[Start of Attachment]

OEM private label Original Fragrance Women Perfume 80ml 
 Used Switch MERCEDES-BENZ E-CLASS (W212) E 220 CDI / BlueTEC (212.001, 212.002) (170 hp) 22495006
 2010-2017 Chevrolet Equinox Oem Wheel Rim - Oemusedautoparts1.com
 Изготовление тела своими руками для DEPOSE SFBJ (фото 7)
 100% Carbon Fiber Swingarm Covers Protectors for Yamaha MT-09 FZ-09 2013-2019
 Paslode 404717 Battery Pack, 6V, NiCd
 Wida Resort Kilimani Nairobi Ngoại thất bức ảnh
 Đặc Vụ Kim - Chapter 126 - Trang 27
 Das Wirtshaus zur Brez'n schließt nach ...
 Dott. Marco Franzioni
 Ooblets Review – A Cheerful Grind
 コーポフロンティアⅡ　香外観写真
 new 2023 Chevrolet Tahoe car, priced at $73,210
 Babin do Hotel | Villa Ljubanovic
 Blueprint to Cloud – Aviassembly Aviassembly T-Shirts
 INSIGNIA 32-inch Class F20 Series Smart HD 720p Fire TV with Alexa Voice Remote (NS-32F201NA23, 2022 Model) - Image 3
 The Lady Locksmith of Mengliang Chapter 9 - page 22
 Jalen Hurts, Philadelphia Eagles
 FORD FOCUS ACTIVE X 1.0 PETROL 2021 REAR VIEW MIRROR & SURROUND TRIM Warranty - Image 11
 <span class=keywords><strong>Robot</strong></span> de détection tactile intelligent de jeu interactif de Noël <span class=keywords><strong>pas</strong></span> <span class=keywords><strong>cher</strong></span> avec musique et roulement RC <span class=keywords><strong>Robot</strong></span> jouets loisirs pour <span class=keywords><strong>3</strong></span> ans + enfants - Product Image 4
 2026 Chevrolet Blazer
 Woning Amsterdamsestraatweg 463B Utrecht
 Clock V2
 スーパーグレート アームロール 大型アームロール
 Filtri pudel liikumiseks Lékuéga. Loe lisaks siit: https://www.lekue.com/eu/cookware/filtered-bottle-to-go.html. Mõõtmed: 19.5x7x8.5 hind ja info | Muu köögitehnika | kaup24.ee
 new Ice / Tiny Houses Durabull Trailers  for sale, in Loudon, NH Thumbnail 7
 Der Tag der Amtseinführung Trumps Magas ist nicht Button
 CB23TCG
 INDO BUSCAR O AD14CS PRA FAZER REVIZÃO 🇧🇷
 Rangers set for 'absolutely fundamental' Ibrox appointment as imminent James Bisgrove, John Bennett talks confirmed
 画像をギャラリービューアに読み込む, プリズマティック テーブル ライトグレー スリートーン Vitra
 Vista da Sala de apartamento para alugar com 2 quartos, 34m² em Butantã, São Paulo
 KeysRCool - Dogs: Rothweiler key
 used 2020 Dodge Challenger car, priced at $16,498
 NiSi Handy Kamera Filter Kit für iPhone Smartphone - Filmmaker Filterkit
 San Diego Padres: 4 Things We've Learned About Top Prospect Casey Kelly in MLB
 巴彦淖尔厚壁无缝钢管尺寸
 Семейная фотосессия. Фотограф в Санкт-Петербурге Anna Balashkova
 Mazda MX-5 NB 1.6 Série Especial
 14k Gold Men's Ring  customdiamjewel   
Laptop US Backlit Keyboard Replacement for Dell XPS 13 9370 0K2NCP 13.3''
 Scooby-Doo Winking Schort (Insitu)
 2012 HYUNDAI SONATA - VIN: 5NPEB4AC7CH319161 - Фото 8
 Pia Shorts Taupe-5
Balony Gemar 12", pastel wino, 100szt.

[End of Attachment]

Take the data above and return it exactly.

OEM private label Original Fragrance Women Perfume 80ml 
 Used Switch MERCEDES-BENZ E-CLASS (W212) E 220 CDI / BlueTEC (212.001, 212.002) (170 hp) 22495006
 2010-2017 Chevrolet Equinox Oem Wheel Rim - Oemusedautoparts1.com
 Изготовление тела своими руками для DEPOSE SFBJ (фото 7)
 100% Carbon Fiber Swingarm Covers Protectors for Yamaha MT-09 FZ-09 2013-2019
 Paslode 404717 Battery Pack, 6V, NiCd
 Wida Resort Kilimani Nairobi Ngoại thất bức ảnh
 Đặc Vụ Kim - Chapter 126 - Trang 27
 Das Wirtshaus zur Brez'n schließt nach ...
 Dott. Marco Franzioni
 Ooblets Review – A Cheerful Grind
 コーポフロンティアⅡ　香外観写真
 new 2023 Chevrolet Tahoe car, priced at $73,210
 Babin do Hotel | Villa Ljubanovic
 Blueprint to Cloud – Aviassembly Aviassembly T-Shirts
 INSIGNIA 32-inch Class F20 Series Smart HD 720p Fire TV with Alexa Voice Remote (NS-32F201NA23, 2022 Model) - Image 3
 The Lady Locksmith of Mengliang Chapter 9 - page 22
 Jalen Hurts, Philadelphia Eagles
 FORD FOCUS ACTIVE X 1.0 PETROL 2021 REAR VIEW MIRROR & SURROUND TRIM Warranty - Image 11
 <span class=keywords><strong>Robot</strong></span> de détection tactile intelligent de jeu interactif de Noël <span class=keywords><strong>pas</strong></span> <span class=keywords><strong>cher</strong></span> avec musique et roulement RC <span class=keywords><strong>Robot</strong></span> jouets loisirs pour <span class=keywords><strong>3</strong></span> ans + enfants - Product Image 4
 2026 Chevrolet Blazer
 Woning Amsterdamsestraatweg 463B Utrecht
 Clock V2
 スーパーグレート アームロール 大型アームロール
 Filtri pudel liikumiseks Lékuéga. Loe lisaks siit: https://www.lekue.com/eu/cookware/filtered-bottle-to-go.html. Mõõtmed: 19.5x7x8.5 hind ja info | Muu köögitehnika | kaup24.ee
 new Ice / Tiny Houses Durabull Trailers  for sale, in Loudon, NH Thumbnail 7
 Der Tag der Amtseinführung Trumps Magas ist nicht Button
 CB23TCG
 INDO BUSCAR O AD14CS PRA FAZER REVIZÃO 🇧🇷
 Rangers set for 'absolutely fundamental' Ibrox appointment as imminent James Bisgrove, John Bennett talks confirmed
 画像をギャラリービューアに読み込む, プリズマティック テーブル ライトグレー スリートーン Vitra
 Vista da Sala de apartamento para alugar com 2 quartos, 34m² em Butantã, São Paulo
 KeysRCool - Dogs: Rothweiler key
 used 2020 Dodge Challenger car, priced at $16,498
 NiSi Handy Kamera Filter Kit für iPhone Smartphone - Filmmaker Filterkit
 San Diego Padres: 4 Things We've Learned About Top Prospect Casey Kelly in MLB
 巴彦淖尔厚壁无缝钢管尺寸
 Семейная фотосессия. Фотограф в Санкт-Петербурге Anna Balashkova
 Mazda MX-5 NB 1.6 Série Especial
 14k Gold Men's Ring  customdiamjewel   
Laptop US Backlit Keyboard Replacement for Dell XPS 13 9370 0K2NCP 13.3''
 Scooby-Doo Winking Schort (Insitu)
 2012 HYUNDAI SONATA - VIN: 5NPEB4AC7CH319161 - Фото 8
 Pia Shorts Taupe-5
Balony Gemar 12", pastel wino, 100szt.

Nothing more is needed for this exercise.